Hoje, a violência é mostrada como sendo um componente de sua individualidade. A conclusão é de Carla Bernava, em pesquisa apresentada à Faculdade de Filosofia, Letras e Ciências Humanas (FFLCH) da USP.
A socióloga diz que as guerreiras do cinema atual são mais engajadas na luta física, o que faz com que sua violência já não dependa tanto do uso de facas ou armas de fogo, como acontecia com as antigas mulheres fálicas e fatais. Além disso, nega-se a percepção de que a mulher violenta é irremediavelmente ruim ou louca porque há uma maior identificação dessas personagens com o público. “Isto se dá pela mescla de seus atributos violentos com características reconhecidas facilmente como femininas e pela ausência de punição”, diz a pesquisadora, que analisou as personagens Nikita (Nikita), Lara Croft (de Tomb Raider) e Beatrix Kiddo (de Kill Bill), entre outras.
Assim, até as guerreiras têm seu lado mais feminino e frágil: Nikita desenvolve, durante sua trama, uma fragilidade interna claramente feminina; Lara Croft apresenta-se como uma mulher bastante sedutora; e Beatrix Kiddo, em Kill Bill, luta para vingar uma agressão à maternidade.
Imagens
As imagens da violência feminina são geralmente consideradas como desviantes ou transgressoras, porque se opõem à imagem da mulher tradicional, que é não-violenta. Para Carla, entretanto, em todas as épocas do cinema as imagens da violência feminina causam um estranhamento, porque remetem a um aspecto que é reprimido durante o processo de socialização das mulheres.

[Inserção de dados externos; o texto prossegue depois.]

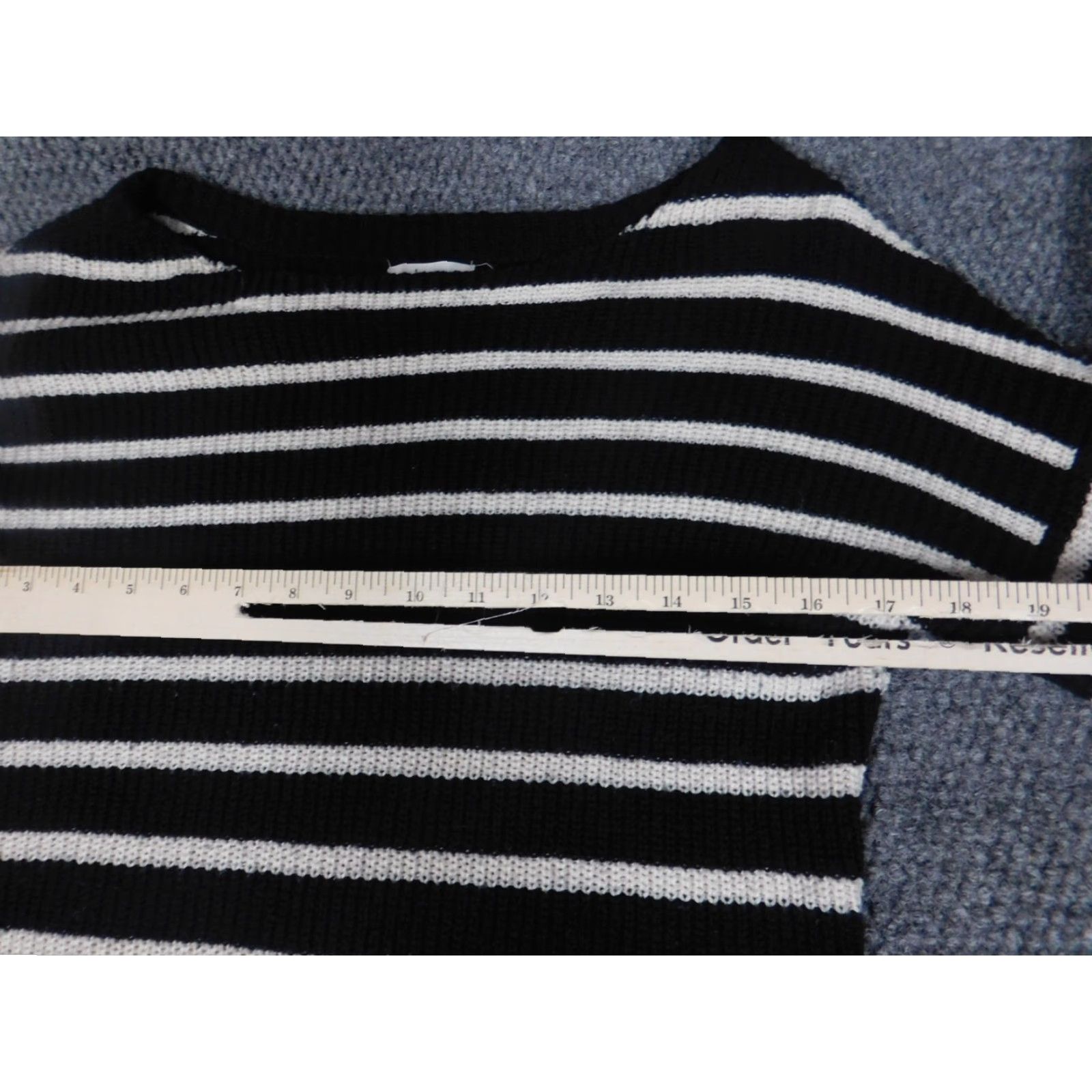 Old Navy Old Navy Womens Sweater Small Black Striped Knit Pullover Crew Neck Raglan Long Sleeve Open Stretch Bow Button Acrylic Cotton Slim Regular Women Size S / US 4 / IT 40 - 4 Thumbnail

— A exposição de características mais brutas vindas de uma mulher mostram apenas um elemento que pode estar presente em todos os indivíduos e que as sociedades reprimem com mais força no caso das mulheres — diz Carla.
Para ela, as mulheres violentas que aparecem em alguns filmes produzidos nos últimos anos se apresentam como a elaboração mais recente deste estranhamento.
Neste período, Carla também diz que a figura da “mulher fálica” parece estar perdendo força. Seu principal exemplo é Lara Croft, personagem interpretada por Angelina Jolie. A socióloga explica:
— Quando o homem usa uma arma para atacar, ele está projetando sua virilidade. Aquela arma substitui seu órgão sexual masculino. Porém, Lara Croft é conhecida justamente por utilizar duas armas, uma em cada mão, que se apresentam como um prolongamento dos seus seios. É como se, a partir delas, ela projetasse sua feminilidade. Assim, a violência que esta personagem expressa é uma projeção de seu próprio corpo e não uma apropriação de uma violência que era então, por excelência, masculina — explica.
A dissertação de mestrado Violência e feminino no cinema contemporâneo foi apresentada à Faculdade de Filosofia, Letras e Ciências Humanas (FFLCH) da USP e teve orientação do professor Paulo Roberto Arruda de Menezes.